Wednesday, March 25, 2020

The Woman on the Roof, by Helen Nielsen


97819444520137
Black Gat Books/Stark House Press, 2016
originally published 1954
194 pp

paperback



A couple of months ago the lovely people at Stark House Press sent me an advanced reading copy of a novel
in their Black Gat line of books, Two Names for Death, by EP Fenwick, which comes out mid-April so I'll defer talking about it for the time being (although I will say that it's really, really good and that vintage mystery/crime readers definitely have something to look forward to).  After I'd finished that one, I started looking at the catalogue of other Black Gat Books, especially those written by women and bought this one, The Woman on the Roof by Helen Nielsen, and two other titles as well. 

According to Fantastic Fiction, Helen Nielsen (1918-2002) authored nineteen novels; she also wrote for television, including the old series Alfred Hitchcock PresentsThe Alfred Hitchcock Hour, Perry Mason, and Tales of the Unexpected.  

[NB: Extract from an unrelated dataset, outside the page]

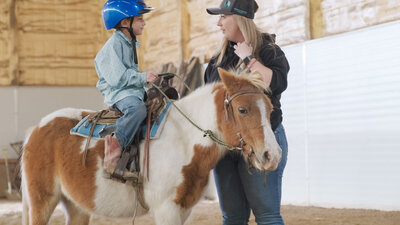 EAL Canada-certified facilitator guiding a child riding a horse in Spirit's Respite Ranch, a sanctuary offering inclusive kids' camps and riding lessons for kids in Central Alberta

The titular "woman on the roof" is Wilma Rathjen, whose brother Curtis has set her up in a garage apartment that looks down onto the six-unit apartment complex below.   We discover right away that Wilma has spent time in a sanitarium; she also has a job at a local bakery.   It is actually a muddle with a certain birthday cake ordered by one of the apartment dwellers that not only has her in a bit of a tizzy as the novel opens, but also leads to the discovery of the same woman in a bathtub in one of the apartments that Wilma can see into from her vantage point.  Because her previous trouble that had landed her in the sanitarium had to do with "tall tales" told to the police, and had upset her reputation-fearful, wealthy-businessman brother and made him threaten to send her back if it happened again, she keeps quiet about it, believing that someone else will eventually find the dead Jeri Lynn.   When the body is discovered, the police at first view her death as an accident, until circumstances and a little more digging reveal that her death is actually a case of murder.   Unfortunately for Wilma, she finds herself smack in the middle of it all, and the killer sets out to take advantage of her troubled past while believing that she knows more than she actually does. 



from Goodreads

If you are thinking that perhaps you've read this plot before, you probably haven't.  The author set up this novel so that it moves between two points of view beginning with that of Wilma before moving to  that of the lead detective on the case, John Osgood.  It is cleverly done; we know from the start that Wilma has some issues and that people consider her to be unbalanced.  I have to give serious credit to Nielsen here -- at one point she references a road-company production of The Snake Pit, but she never takes her readers down that road.  What she focuses on instead are Wilma's underlying worries and insecurities about what her brother will think and her fear of being sent back to the sanitarium now that her life is on somewhat of an even keel.  For his part, Osgood (who has his own demons to contend with) has the good sense to realize that
"Even a crazy woman should have a chance to speak for herself. How else could anyone tell the sane from the insane?"
He just knows that somewhere in what others perceive as her chaotic ramblings, she has something important and worthwhile to say and that perhaps she isn't "crazy" at all -- maybe she just has a different way of seeing and expressing things.  It is this slow realization, along with the fact that he must somehow try to impress on others to see things his way  and the slowly-growing trust between Wilma and Osgood  that allows for The Woman on the Roof to become more than just your average crime novel. 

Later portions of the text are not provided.